2. How strongly do they feel about their product's market fit? (ideally, check reviews, news articles, competitor info etc. and be prepared to use that info when asking the question)
3. Ask who will be managing you directly and if you can meet them in a less formal setting 1-2-1 (if they're not already interviewing you)
If you're trying to ask questions to boost your chances of getting the job, depending on the culture and how much of a boiler room it is, you might be expected to close them. In which case, you should always ask whether or not they have any reservations, doubts or immediate feedback about you that you can clarify with them right there in that moment.

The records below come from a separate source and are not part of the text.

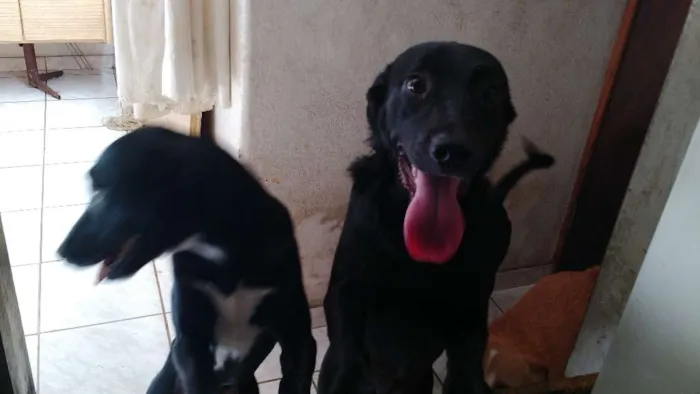 Cachorro ra a SRD idade 7 a 11 meses nome Sem nome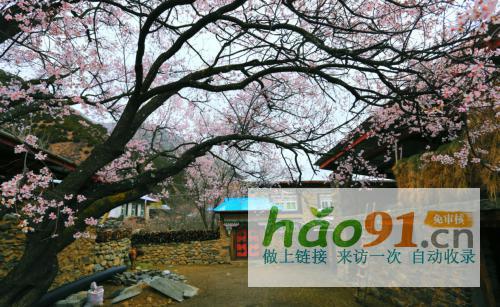 “四季如畫(huà)·工布江達(dá)”第二十二屆林芝桃花節(jié)專場(chǎng)4月3日啟幕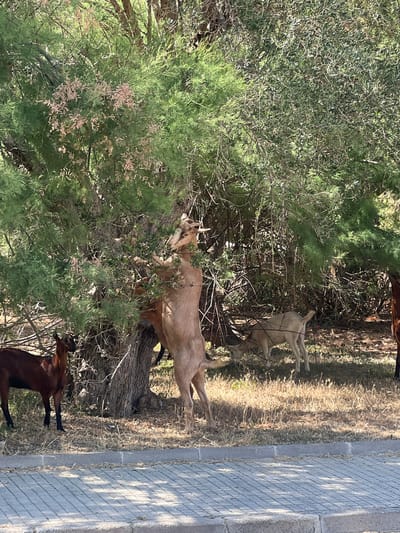This image captures a natural scene featuring several goats in an outdoor setting. The goats appear to be grazing or resting among dense green foliage and dry, sun-baked grass. One goat, a light brown color, is prominently positioned in the center, partially obscured by branches, and appears to be reaching for leaves. Another goat, dark brown, is visible in the lower right portion of the frame, also surrounded by vegetation. A third goat, light in color, is seen further back in the foliage. The ground is a mix of dry grass and sparse vegetation, with a textured gray paved surface running along the right side of the image, suggesting a pathway or border. The lighting indicates it is daytime, with distinct shadows cast by the vegetation and the paved area, hinting at a sunny or partly cloudy day. The overall impression is one of a rustic, natural environment where these animals are freely roaming. The scene is set in Port De Pollença, Spain. There is no visible text in the image.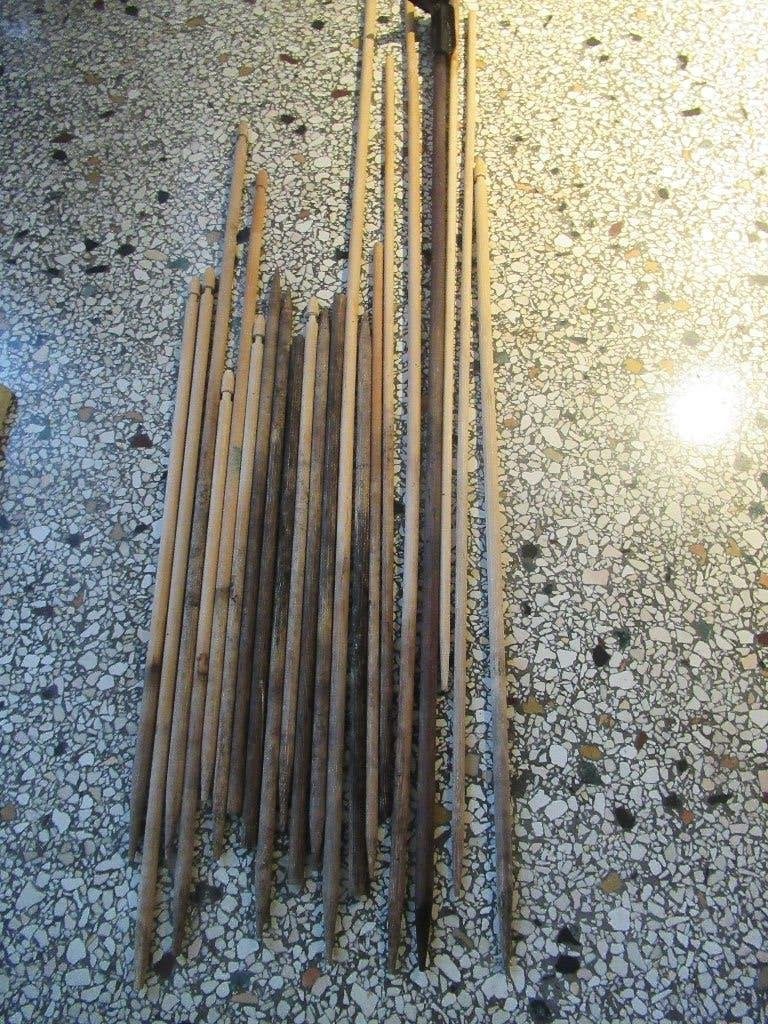 21 x plantenstok SPLITBAMBOE / kamerplanten, Huis en Inrichting, Ophalen of Verzenden, Overige soorten, Halfschaduw, Minder dan 100 cm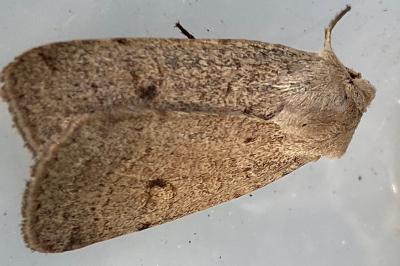 <i>Xestia castanea</i>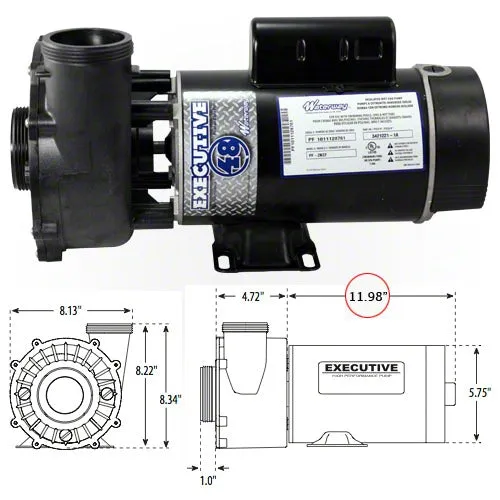 Waterway Executive 4.5 Horsepower 2 Spd 48 Frame Pump 3421821-1A - 2"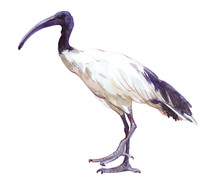Watercolor Single Ibis Animal Isolated On A White Background Illustration.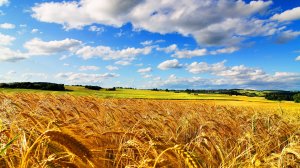 Раздолье русское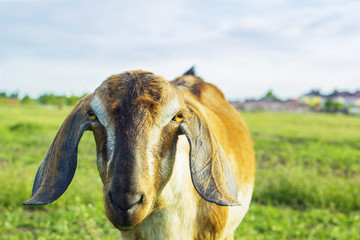 Goat with floppy ears grazing on green field near village. Portrait of Anglo Nubian Goat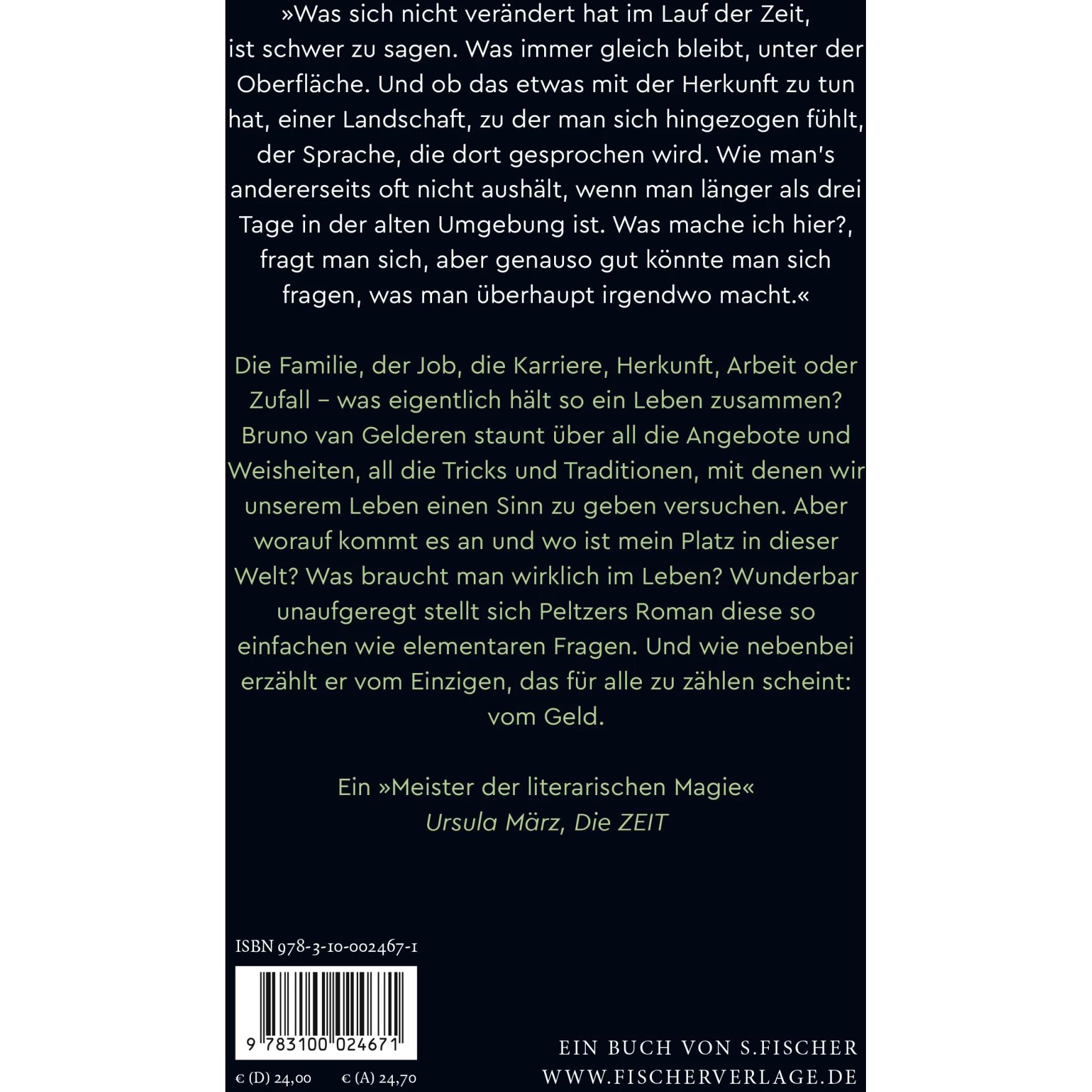 Thumbnail - Der Ernst des Lebens, Belletristik von Ulrich Peltzer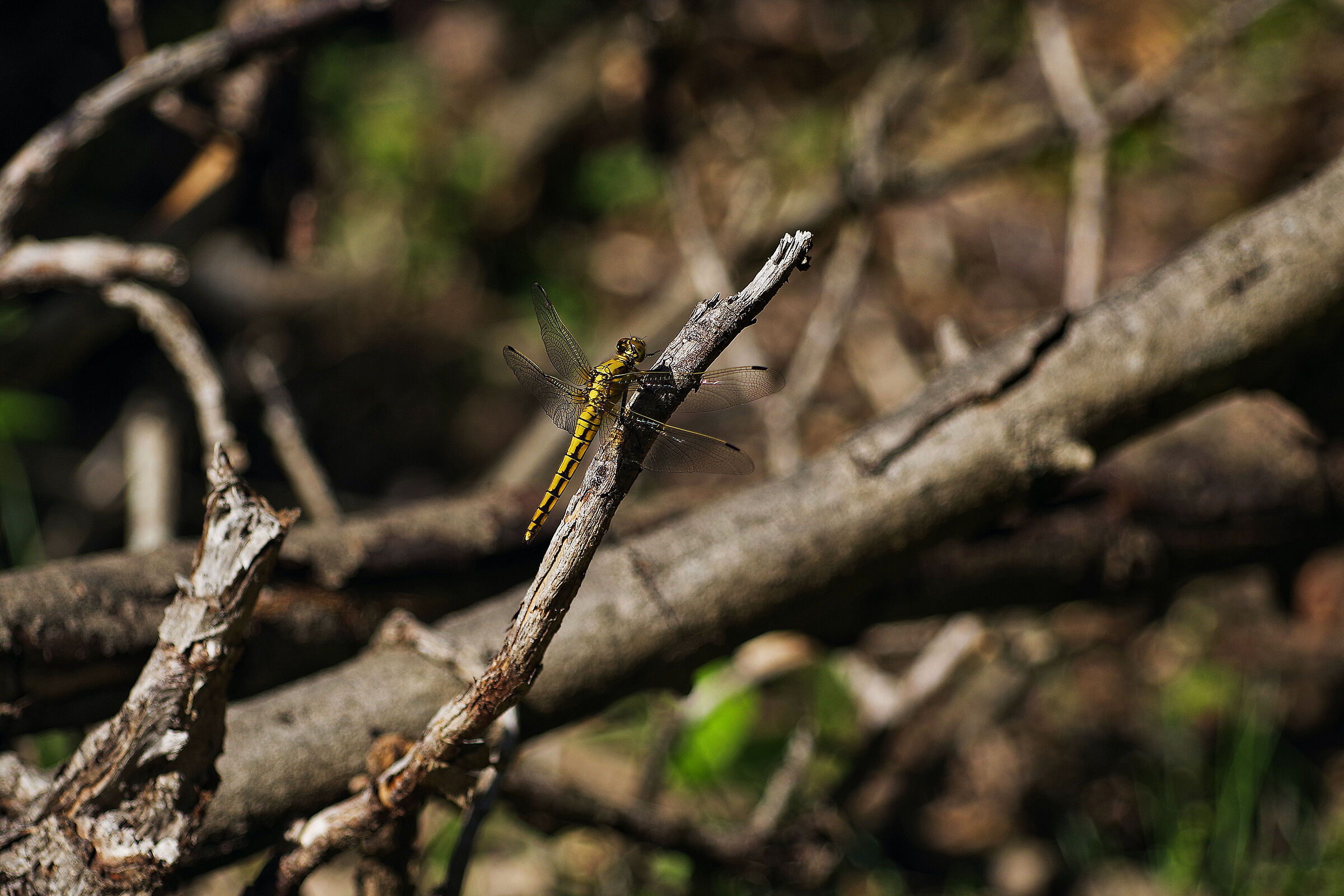 dragonfly in the sun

If not, you can crack a joke about how you'll expect to hear back from them very soon with a very generous offer in tow.
Before the very end of the interview you should take a moment to ask them if you've answered any lingering questions they have. If you know you have a weak point (weird employment gap, lack of experience, etc.) you can bring it up yourself. Get them to tell you what their biggest concern is right then and there and be ready to back it up. You want to make sure that anything that was "bugging" them was brought up and you were able to answer it.
Regarding actual end of the interview, I feel the best possible question is "In the past, what did other new hires do to succeed quickly?" or "What will be used to measure my success in this role at different periods of time such as 3 months, 6 months, or 1 year?"
This shows you plan to succeed and want to know how, and it also ends the interview with them thinking about you in a positive light. Framing the question that way naturally leads to them combining you and success as a part of the same idea.